Après « la maison aux souvenirs », Nicolas Delestret reste, avec « le dernier quai » aux éditions Grand Angle, dans les thèmes qui lui sont chers. Ici la maison familiale isolée et chargée d’histoires, devient l’hôtel au bout du dernier quai. Le souvenir est de nouveau omniprésent. Le scénario est bien ficelé, même s’il coupe le récit en deux parties visuellement différentes, passant du romantique au fantastique. Le tout forme un conte séduisant dont la lecture est agréable et fluide. Nicolas Delestret réussi son pari et son univers de souvenirs est une fois de plus très bien retranscrit à travers cette nouvelle œuvre dont certains visuels ne sont pas sans rappeler ceux de certains Disney célèbres, pour le plus grand plaisir des yeux.

« INSPECTEUR BALTO » aux Editions Grand Angle

 

On n’arrête jamais d’être flic, et ce n’est pas lui, l’inspecteur Balto, qui va contester l’adage. Il vient de prendre sa retraite, mais continue encore un peu, s’occupant de ce qui n’est pas important pour la police. On le dit intransigeant, vieux jeu, anti-technologie. Alors quand les deux gamines sont venues pour qu’il les aide à retrouver leur amie « camgirl », il s’est  retrouvé dans un autre monde. « Camgirl », pour lui c’est du chinois, lui qui n’a même pas internet.

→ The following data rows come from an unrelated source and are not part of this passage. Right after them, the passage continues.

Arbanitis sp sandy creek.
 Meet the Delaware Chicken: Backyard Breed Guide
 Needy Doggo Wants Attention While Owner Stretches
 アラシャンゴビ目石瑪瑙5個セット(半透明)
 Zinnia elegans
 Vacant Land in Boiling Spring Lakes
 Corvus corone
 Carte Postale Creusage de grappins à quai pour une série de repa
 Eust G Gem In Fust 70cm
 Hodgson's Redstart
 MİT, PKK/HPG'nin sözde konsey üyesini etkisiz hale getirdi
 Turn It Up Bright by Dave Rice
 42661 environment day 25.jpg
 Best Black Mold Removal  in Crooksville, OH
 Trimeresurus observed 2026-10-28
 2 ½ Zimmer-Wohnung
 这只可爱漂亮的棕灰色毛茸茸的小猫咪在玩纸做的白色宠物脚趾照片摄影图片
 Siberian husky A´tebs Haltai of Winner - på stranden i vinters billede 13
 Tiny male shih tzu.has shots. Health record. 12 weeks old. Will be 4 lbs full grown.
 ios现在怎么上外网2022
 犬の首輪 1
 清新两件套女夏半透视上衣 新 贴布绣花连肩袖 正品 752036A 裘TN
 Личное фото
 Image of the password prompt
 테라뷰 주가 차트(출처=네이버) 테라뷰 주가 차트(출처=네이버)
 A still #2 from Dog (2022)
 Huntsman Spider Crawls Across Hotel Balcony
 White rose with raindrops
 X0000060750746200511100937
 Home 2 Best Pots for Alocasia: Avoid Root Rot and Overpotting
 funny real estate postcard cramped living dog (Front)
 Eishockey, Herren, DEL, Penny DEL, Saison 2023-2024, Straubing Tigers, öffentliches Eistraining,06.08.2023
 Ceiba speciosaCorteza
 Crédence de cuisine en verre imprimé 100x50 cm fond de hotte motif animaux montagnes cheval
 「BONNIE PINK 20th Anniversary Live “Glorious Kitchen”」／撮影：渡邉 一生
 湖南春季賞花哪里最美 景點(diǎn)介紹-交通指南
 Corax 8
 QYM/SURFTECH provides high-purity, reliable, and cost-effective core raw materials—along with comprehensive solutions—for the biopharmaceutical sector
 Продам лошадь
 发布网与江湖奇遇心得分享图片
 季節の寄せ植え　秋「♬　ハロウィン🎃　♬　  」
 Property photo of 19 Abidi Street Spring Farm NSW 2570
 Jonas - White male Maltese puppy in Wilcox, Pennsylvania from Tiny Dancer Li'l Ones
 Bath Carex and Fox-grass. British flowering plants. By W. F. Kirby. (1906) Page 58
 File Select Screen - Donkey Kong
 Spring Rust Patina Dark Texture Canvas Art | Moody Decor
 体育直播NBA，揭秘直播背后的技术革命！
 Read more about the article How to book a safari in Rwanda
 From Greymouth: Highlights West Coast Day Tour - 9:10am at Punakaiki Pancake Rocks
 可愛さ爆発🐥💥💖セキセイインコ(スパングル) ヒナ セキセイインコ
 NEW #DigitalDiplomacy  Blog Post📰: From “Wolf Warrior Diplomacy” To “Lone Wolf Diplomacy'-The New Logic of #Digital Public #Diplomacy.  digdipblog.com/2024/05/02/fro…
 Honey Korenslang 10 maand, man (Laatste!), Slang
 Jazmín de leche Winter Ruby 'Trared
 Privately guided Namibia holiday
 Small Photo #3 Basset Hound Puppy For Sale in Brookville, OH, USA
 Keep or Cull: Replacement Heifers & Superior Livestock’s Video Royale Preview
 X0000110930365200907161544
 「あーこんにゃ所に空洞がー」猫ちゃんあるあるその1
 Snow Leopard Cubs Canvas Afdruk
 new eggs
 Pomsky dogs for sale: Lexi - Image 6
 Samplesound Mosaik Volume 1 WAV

Il pourrait faire comme Columbo et demander à sa femme, mais elle est plus là. Car  il l’a fait coffrer.

Ce flic tout juste à la retraire, un peu arriéré et prisonnier d’un passé sombre qui l’a contraint à enquêter sur sa propre femme, permet aux auteurs Aurélien Ducoudray et Anthony Geoffroy de plonger le lecteur dans une époque durant laquelle la part belle était faite aux indics plutôt qu’à l’utilisation d’un ordinateur. Le récit pointe du doigt un fait de société dans la police, à savoir que les vieux enquêteurs sont en parfait décalage avec les méthodes modernes 3.0. Il en ressort une certaine morosité dans les rangs des policiers, ce que semblent avoir voulu souligner les auteurs à travers ce personnage de l’inspecteur Balto. Le titre annonce lui-même la couleur puisque l’appellation « inspecteur » a disparu depuis une réforme de la police nationale du milieu des années 1990. La BD parlera ainsi aux enquêteurs de cette époque et informera le public d’aujourd’hui sur les méthodes employées dans les années 80 pour résoudre une affaire.